[ 上田杏菜インタビュー② ]
―― 社会を見つめ、自分を見つめ直すためのアート

アートをめぐる新たな文脈づくり
―― アーティゾン美術館は、前身となるブリヂストン美術館と比べ、現代美術の収集や企画に、より注力しているとうかがっています。
上田杏菜(以下、上田) はい。当館のコレクションと現代作家による作品を組み合わせた展覧会など、これまでの活動を現代美術に、ひいては現代社会にどのようにつなげていくかを模索しています。当館には日本や西洋の近現代美術を専門とするキュレーターがいますので、それぞれの研究を軸に、時には領域をオーバーラップしながら美術館活動に生かしています。

Photo by Nacása & Partners, Courtesy of Artizon Museum ©️Tomoko Konoike
―― アーティゾン美術館の充実したコレクションがあるからこそ、独自性の高い展覧会が実現できるというわけですね。
上田 新たな作品の収蔵、コレクションの充実が、美術館活動のなかで大きな部分を占めています。コレクションを通した研究が、次なる展覧会につながります。
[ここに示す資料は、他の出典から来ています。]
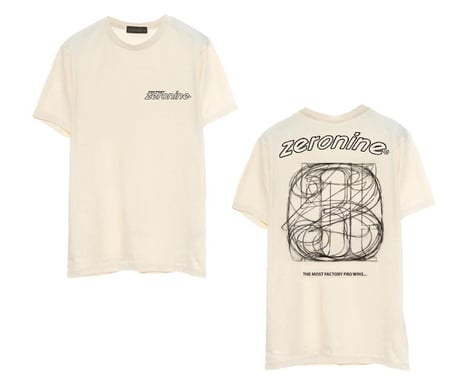 Zeronine Numbers Soft T-Shirt (Vintage White) (M)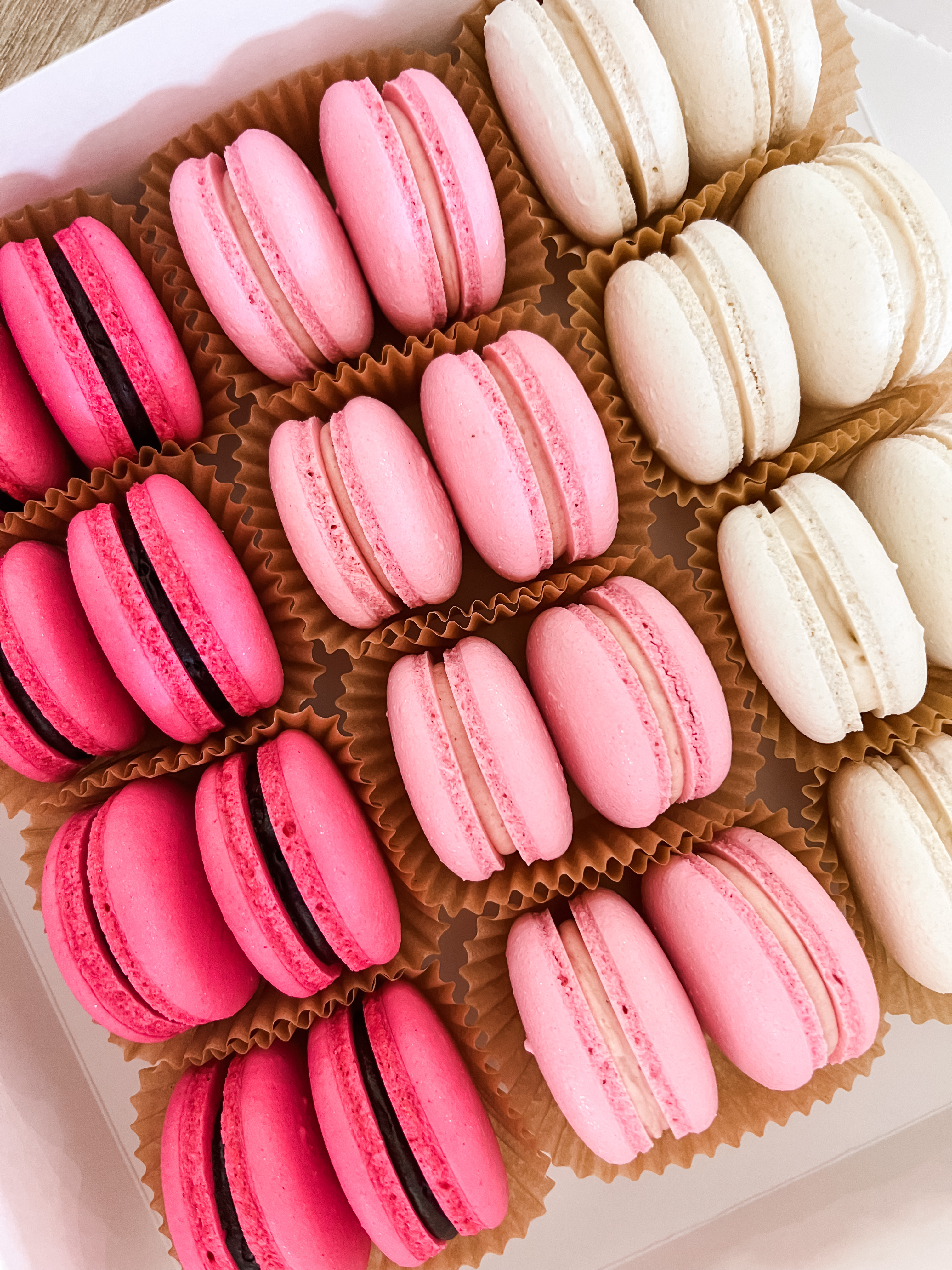 Pink Ombre Macarons
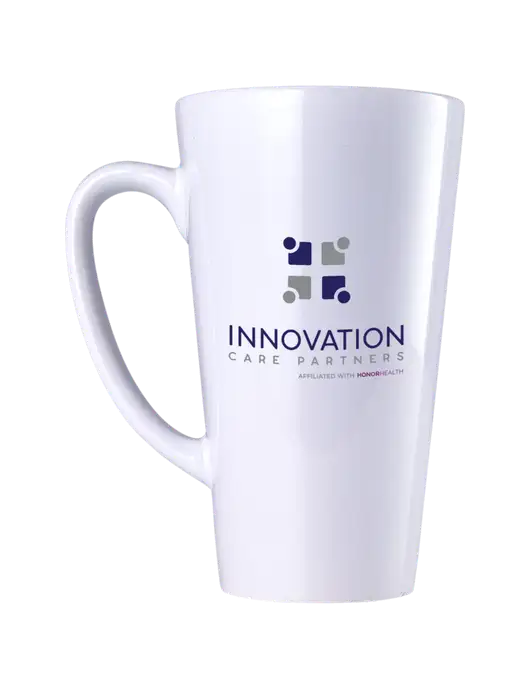 17 oz White Latte Mug w/Innovative Care Partners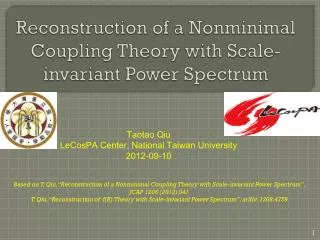 Reconstruction of a Nonminimal Coupling Theory with Scale-invariant Power Spectrum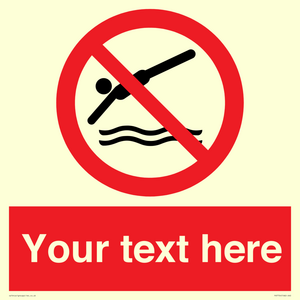 Custom prohibition no diving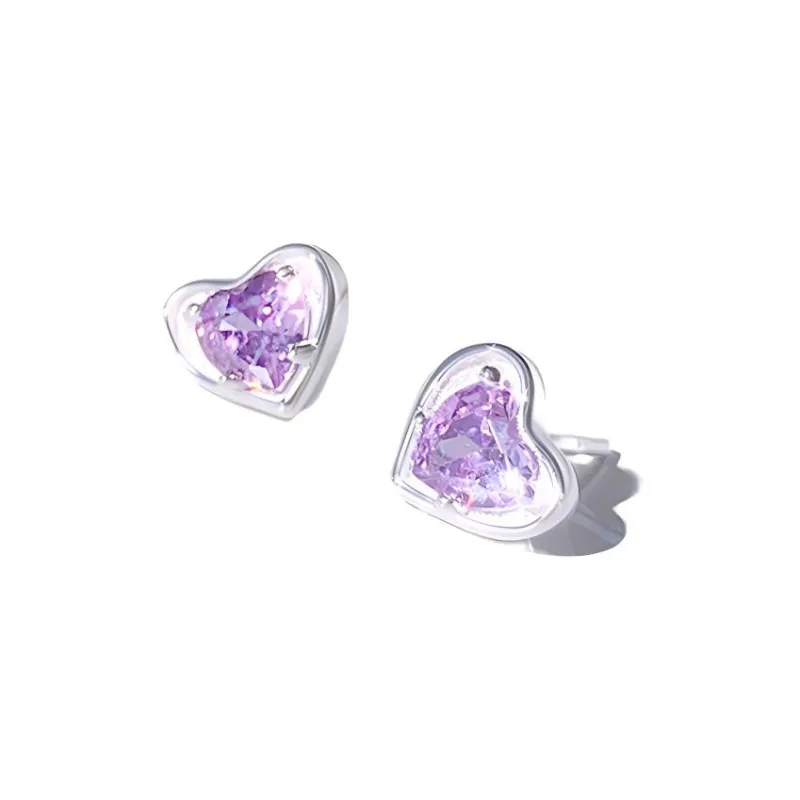 BING STUDIO 925 Sterling Silver Needle Stud Earrings Women's-9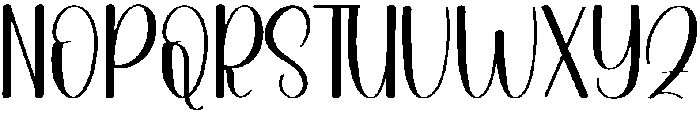 Paradise Regular otf (400) Font UPPERCASE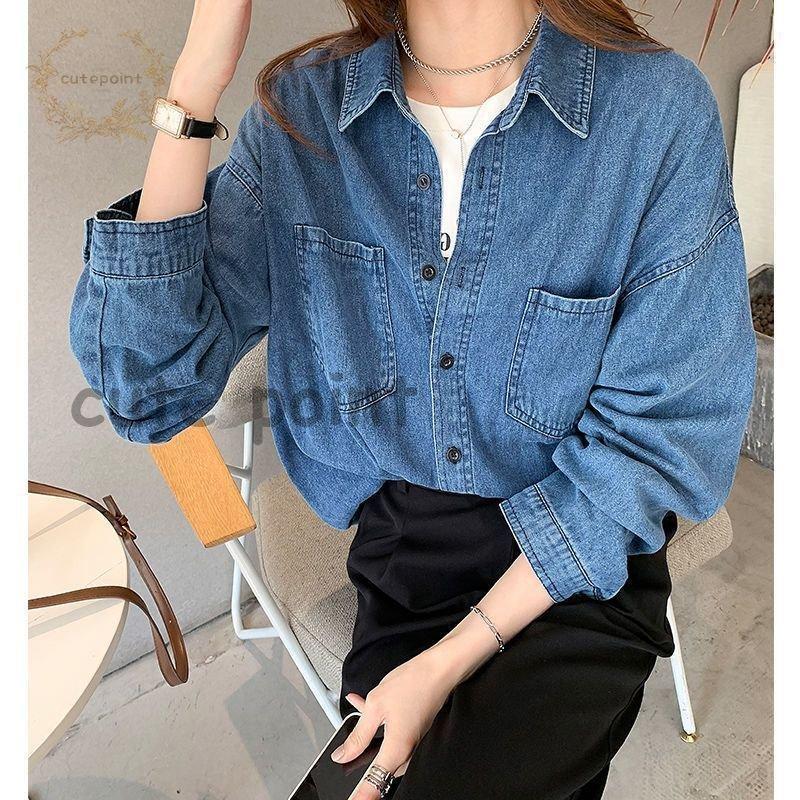 デニムシャツレディースシャツデニム...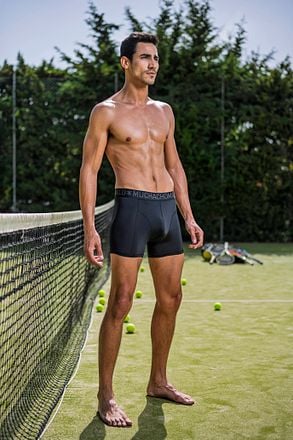 Muchachomalo Boxershorts Microfiber 3-Pack Zwart 31 U-MICROFIB1010-31-Black kopen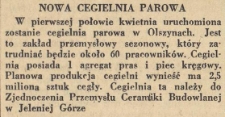 Nowa cegielnia parowa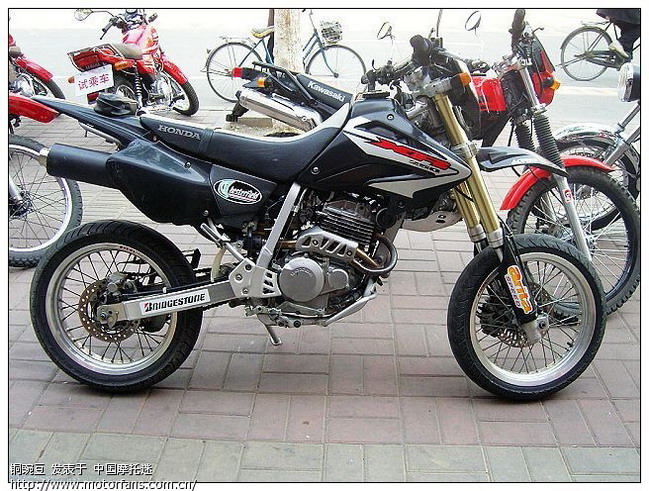 发一组越野摩托车照片 摩友做客三利摩托 - 摩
個々の作品の価値だけではなく、それらが当館のコレクションとどのようにつながり、新しい文脈や意味が生まれるのかという点も重要です。
―― ところで、アーティゾン美術館はミュージアムタワー京橋(以下、MTK)というオフィスビルの中に構えられたもので、働く場所とアートがシームレスにつながる場でもあります。キュレーターとしてそうした環境についてはどのように捉えていますか。
上田 私にとっては、アートは社会の一部だと思っています。アートをとおして社会と向き合うことは、その社会の中で生きる自分と向き合うきっかけにもなります。
今盛んに言われているように、ビジネスパーソンがアートから新しい感性やボキャブラリーを得て、アウトプットに活用するのはとても良いことですね。一方で、アウトプットだけではなく、インプットにおいてもアートはひとつの役割をもっているように思います。それはアートをとおして、自分自身を知るということです。「何かアウトプットしなくては」と気構えて美術館に行くのではなく、素の状態で目の前にある作品と向き合ってみる。MTKを訪れ、働く方であれば、そうした機会に自然と巡り合うことができるのではないでしょうか。

ジャーナリングとしてのアート鑑賞
―― 本展の会期中、MTKで働くビジネスパーソンを招いたギャラリートークが行われましたね。トークの後にはアボリジナル・アートの世界観を味わうフードイベントも開催されました。
上田 アート鑑賞は視覚に頼ることが多い体験なので、味覚や触覚といった別の感覚をとおしてアートを感じようという、とてもおもしろい試みとなりました。アボリジナルの食文化にルーツを持つ、普段の生活やオフィスワークのなかであまり口にしない食材をとおして、現地の文化について触れる機会にもなりました。


―― そのような体験を経ることで、やがては食を楽しむようにアートに触れるというような思考や態度が、ビジネスパーソンに芽生えるのかもしれません。
上田 近年、ジャーナリングが注目されています。自身の気持ちを紙に書くうちに「自分はこういうことを思っていたんだ」「こんなことに悩んでいたんだ」といった気づきにつながります。ジャーナリングと同じように、アート鑑賞をとおして自らを見つめることができると思うのです。

オフィスと同じ建物に美術館があり、いつでも好きな時にアートに触れられるという恵まれた環境があるからこそ、自分の気持ちに向き合う時間を意識的に取り入れることの意味が強く発揮されるのではないでしょうか。「この絵はどういう背景で描かれたのか」と“理解”することも大事ですが、それよりもアートを目の前にして自分の中にどんな感情が湧き起こっているのかを捉える。ひとつの作品鑑賞のあり方としておもしろいのではないかと思います。
普段はあまりアートに触れたことがなくても、数分でいいので立ち寄ってみて、絵の前にただ立ってみる。いろんな作品や展覧会を見ながら、ありのままの自分を捉え、心の動きをマッピングしてみてみるというワークも良いかもしれません。そのようにしてインプットしてきたものを、いつか思わぬかたちで外に出せるチャンスが来るはずです。